======== DATASET RECORDS
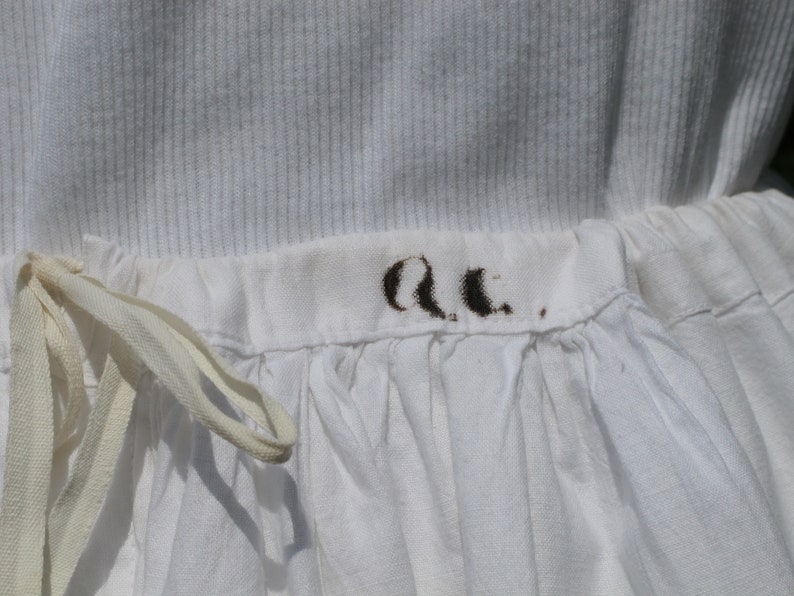 Petticoat Slip White Cotton Antique Victorian c.1900 Full Length Eyelet Embroidered Hem Waist Up To 32 Waist Prairie Girl Cottage Core image 6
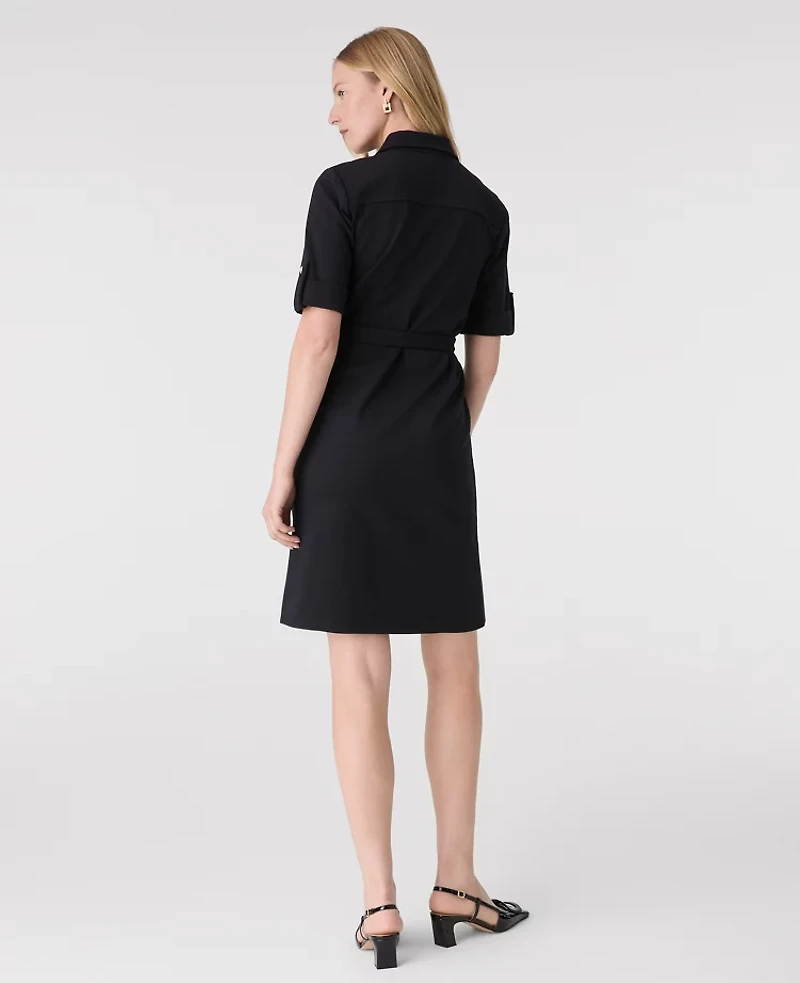 Ann Taylor Belted Flare Dress Black Women's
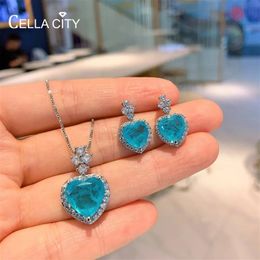 Necklaces Cellacity Real 925 Sterling Silver Jewelry Set Paraiba Pendant Earrings Blue Heart Shape Gemstones Wedding Fine Jewelry Gifts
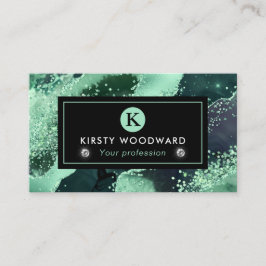 Tarjeta De Visita Acuarela elegante verde brillo ágata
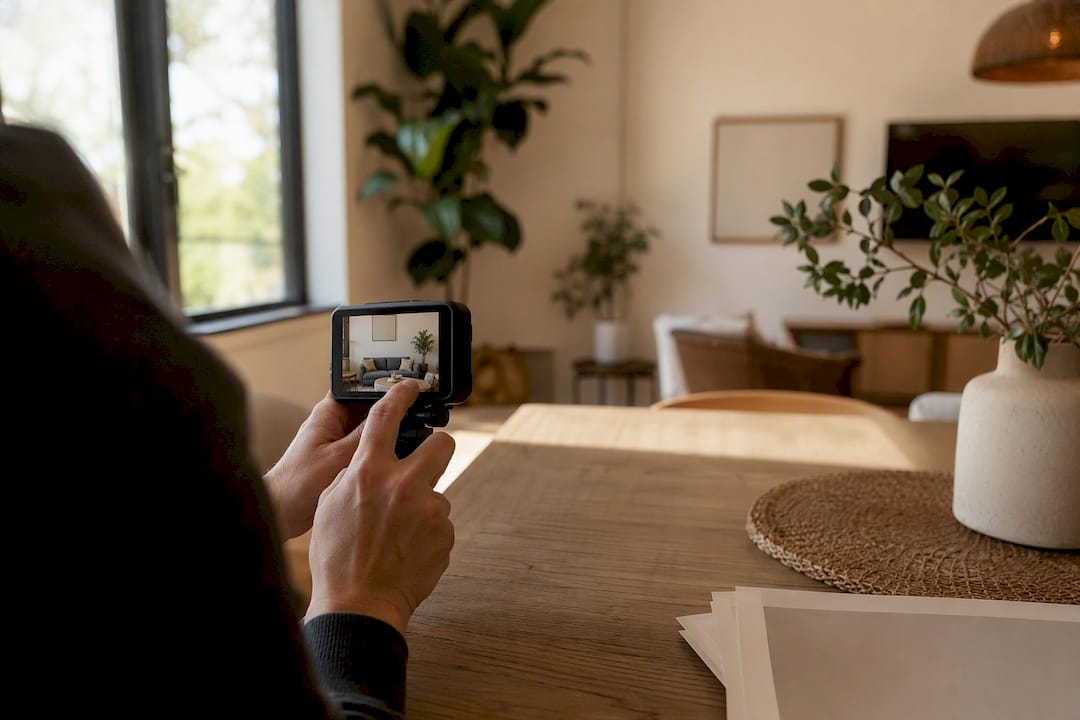 Close-up of hands adjusting photo colors in rental interior
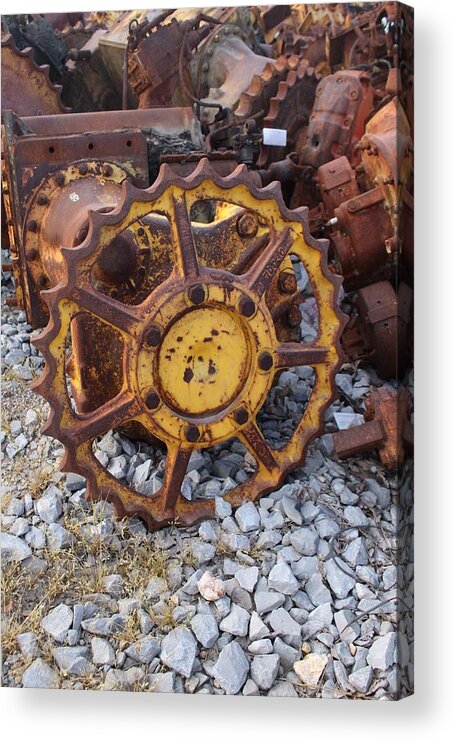 Tractor Parts Acrylic Print featuring the photograph Tractor Graveyard Kentucky by Suzanne Lorenz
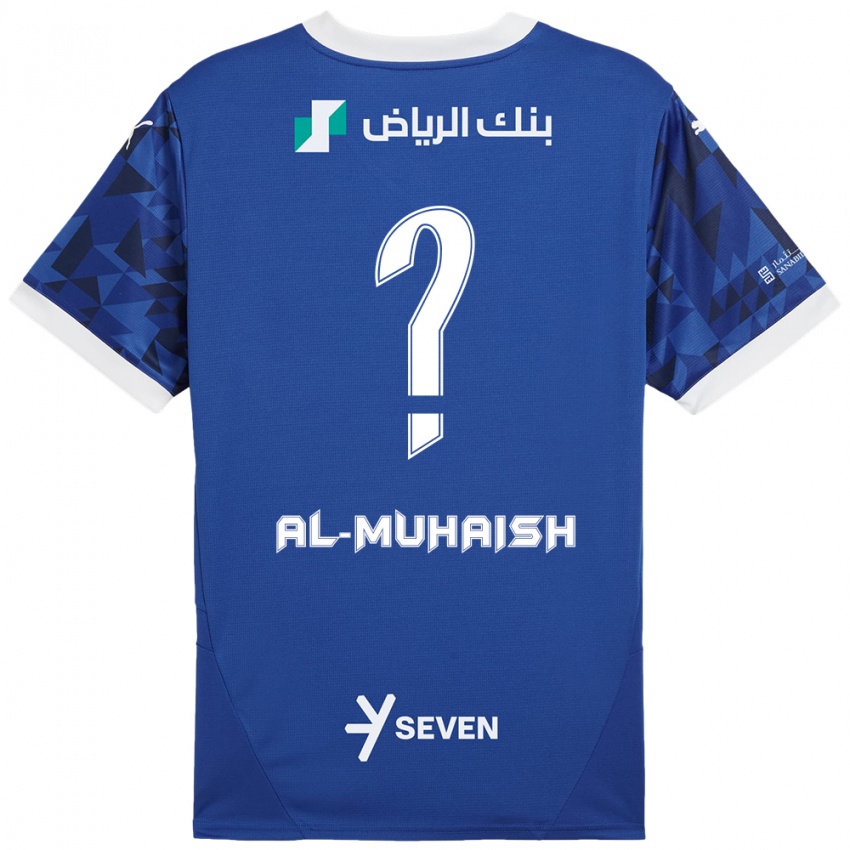 Niño Camiseta Mohammed Al-Muhaish #0 Azul Oscuro Blanco 1ª Equipación 2024/25 La Camisa Argentina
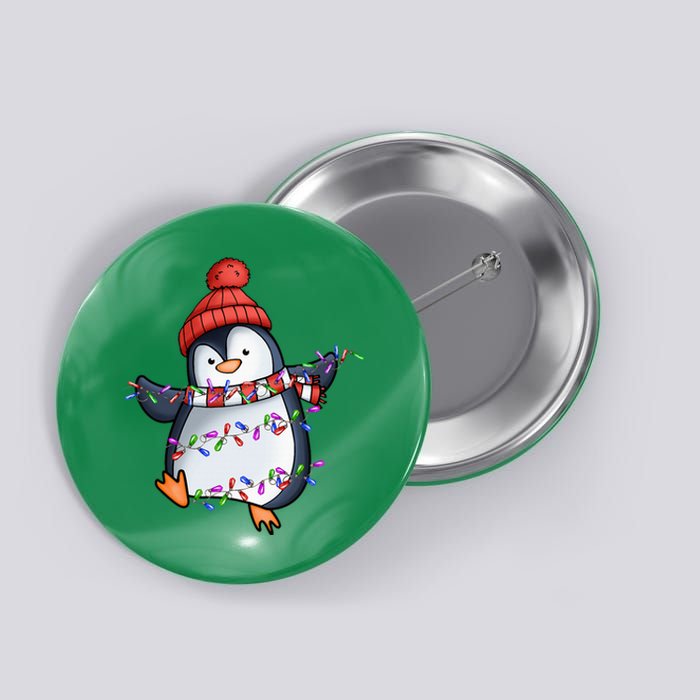 Penguin Santa Lights Christmas Pajamas Cute Penguins Xmas Button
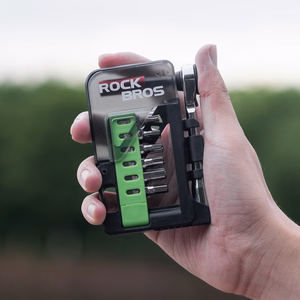 Rockbros dviračio įrankių rinkinys su mini terkšle ir antgaliais - permatomas žalias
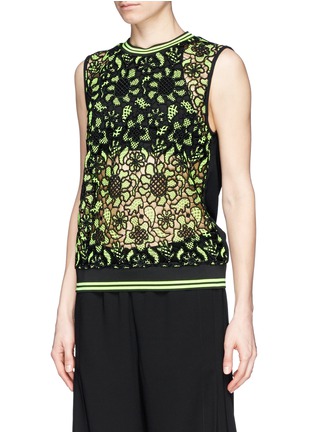 Front View - Click To Enlarge - MSGM - Mesh floral lace front tank top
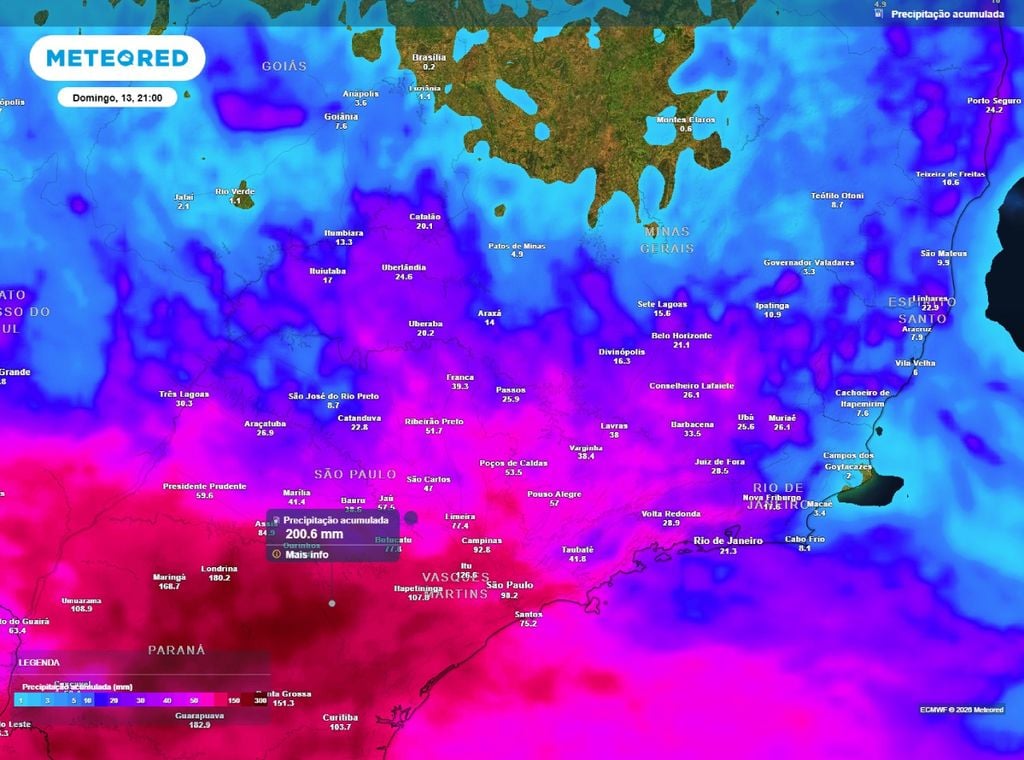 Previsão de precipitação acumulada (mm) entre hoje (9) e a noite do domingo (13), segundo o modelo europeu ECMWF.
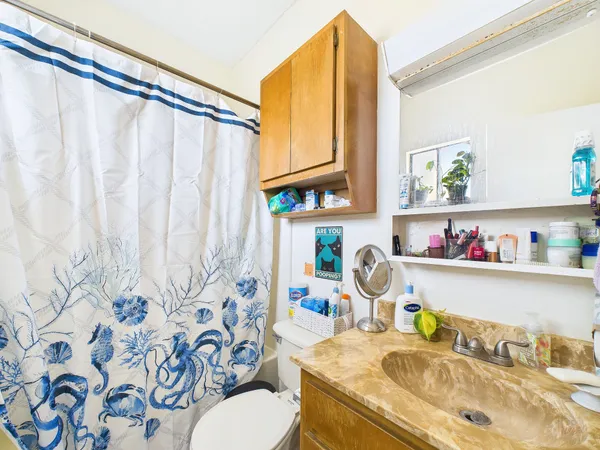 a bathroom with a shower curtain a sink a toilet and curtain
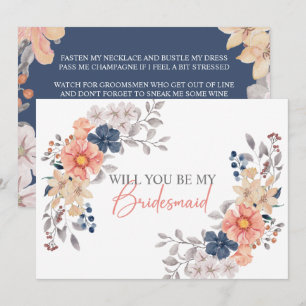 Convite Coral de Primavera Navy Floral Você Será Minha Dam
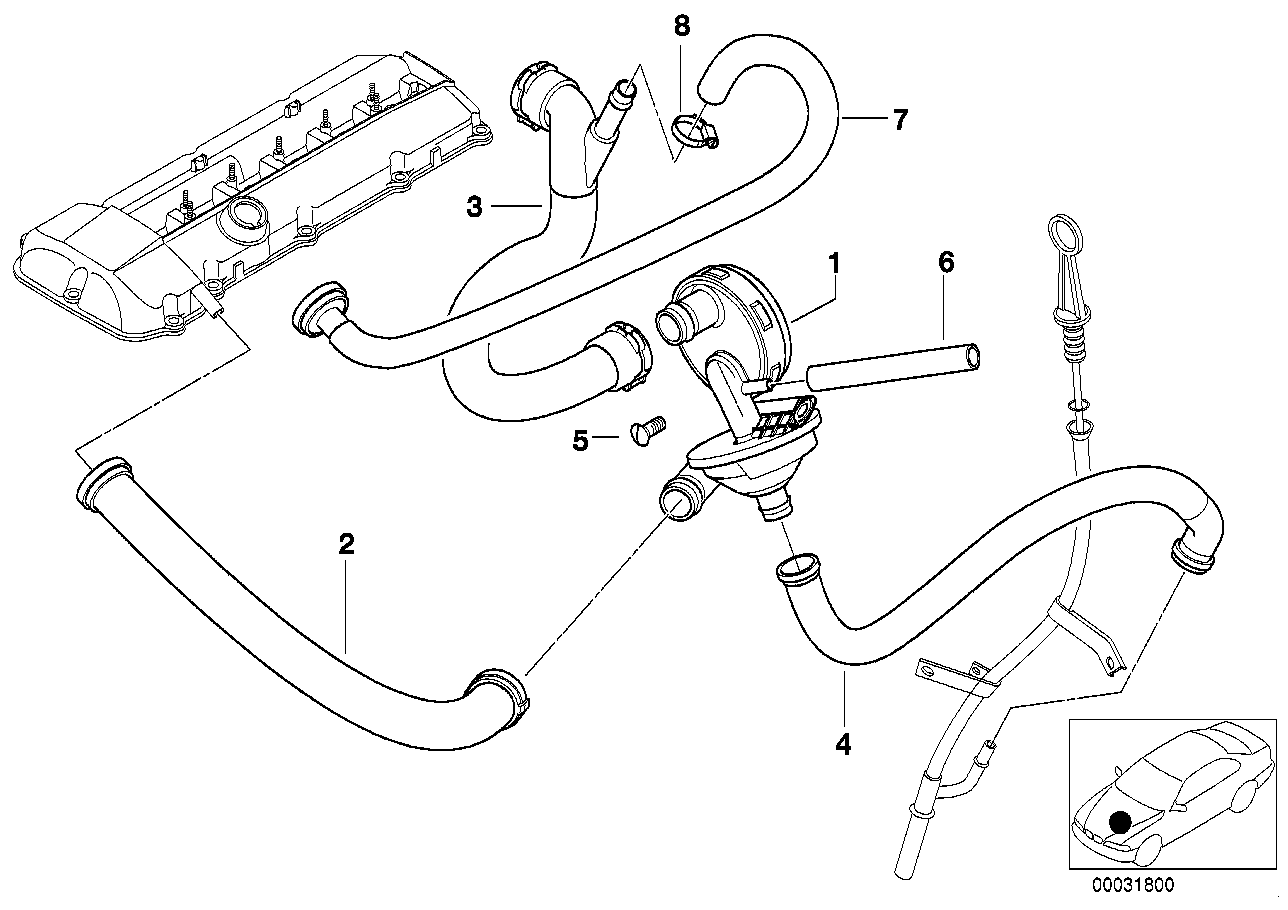 BMW 11157532649 Vent Hose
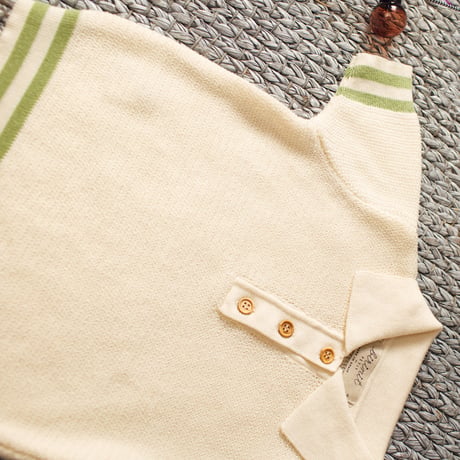 【 ラスト1点 】Birinit Petit  /  White and green polo shirt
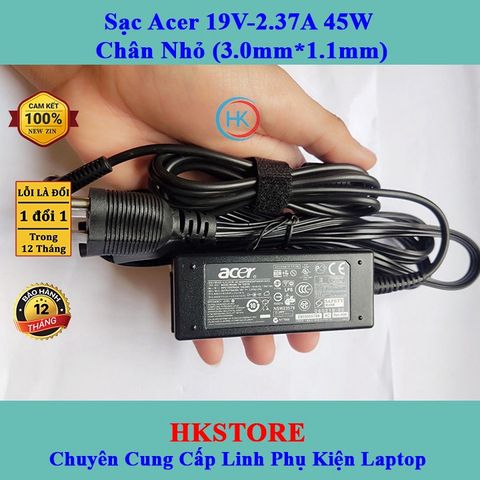 Sạc Laptop Acer 19V-2.37A 45W Chân Nhỏ (3.0mm*1.1mm) - Tương thích W700 S3 S5 S7 V3-331 V3-371 V3-372, Bảo hành 24 tháng, Tặng dây nguồn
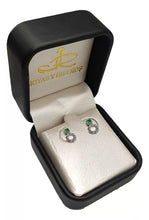 Cargar imagen en el visor de la galería, Aretes En Oro Blanco 18k Con gema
================
Output only the lines above from the line that holds "Rockbros dviračio įrankių" through the line that holds "BMW 11157532649 Vent Hose", both ends included, and exclude pictures.

 Rockbros dviračio įrankių rinkinys su mini terkšle ir antgaliais - permatomas žalias
 Front View - Click To Enlarge - MSGM - Mesh floral lace front tank top
 Previsão de precipitação acumulada (mm) entre hoje (9) e a noite do domingo (13), segundo o modelo europeu ECMWF.
 a bathroom with a shower curtain a sink a toilet and curtain
 Convite Coral de Primavera Navy Floral Você Será Minha Dam
 BMW 11157532649 Vent Hose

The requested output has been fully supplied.